WHAT IS REQUIRED –
The whole of the data is to be duplicated precisely.

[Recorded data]

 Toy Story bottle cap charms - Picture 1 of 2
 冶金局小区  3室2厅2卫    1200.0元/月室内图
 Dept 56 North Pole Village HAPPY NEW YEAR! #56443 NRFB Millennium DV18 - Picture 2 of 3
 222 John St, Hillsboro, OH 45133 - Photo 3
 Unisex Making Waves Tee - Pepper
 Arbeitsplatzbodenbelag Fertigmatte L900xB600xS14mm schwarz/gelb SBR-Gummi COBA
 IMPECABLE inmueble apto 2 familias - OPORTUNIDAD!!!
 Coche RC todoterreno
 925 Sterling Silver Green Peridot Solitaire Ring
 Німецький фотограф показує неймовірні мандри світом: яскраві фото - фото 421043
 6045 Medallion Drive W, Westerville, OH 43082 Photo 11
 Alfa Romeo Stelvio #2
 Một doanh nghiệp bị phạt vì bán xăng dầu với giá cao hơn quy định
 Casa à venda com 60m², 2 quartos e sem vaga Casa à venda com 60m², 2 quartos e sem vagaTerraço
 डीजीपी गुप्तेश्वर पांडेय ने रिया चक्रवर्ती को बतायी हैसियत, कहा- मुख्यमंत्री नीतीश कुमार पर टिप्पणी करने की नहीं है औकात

OUTPUT BELOW –
 Toy Story bottle cap charms - Picture 1 of 2
 冶金局小区  3室2厅2卫    1200.0元/月室内图
 Dept 56 North Pole Village HAPPY NEW YEAR! #56443 NRFB Millennium DV18 - Picture 2 of 3
 222 John St, Hillsboro, OH 45133 - Photo 3
 Unisex Making Waves Tee - Pepper
 Arbeitsplatzbodenbelag Fertigmatte L900xB600xS14mm schwarz/gelb SBR-Gummi COBA
 IMPECABLE inmueble apto 2 familias - OPORTUNIDAD!!!
 Coche RC todoterreno
 925 Sterling Silver Green Peridot Solitaire Ring
 Німецький фотограф показує неймовірні мандри світом: яскраві фото - фото 421043
 6045 Medallion Drive W, Westerville, OH 43082 Photo 11
 Alfa Romeo Stelvio #2
 Một doanh nghiệp bị phạt vì bán xăng dầu với giá cao hơn quy định
 Casa à venda com 60m², 2 quartos e sem vaga Casa à venda com 60m², 2 quartos e sem vagaTerraço
 डीजीपी गुप्तेश्वर पांडेय ने रिया चक्रवर्ती को बतायी हैसियत, कहा- मुख्यमंत्री नीतीश कुमार पर टिप्पणी करने की नहीं है औकात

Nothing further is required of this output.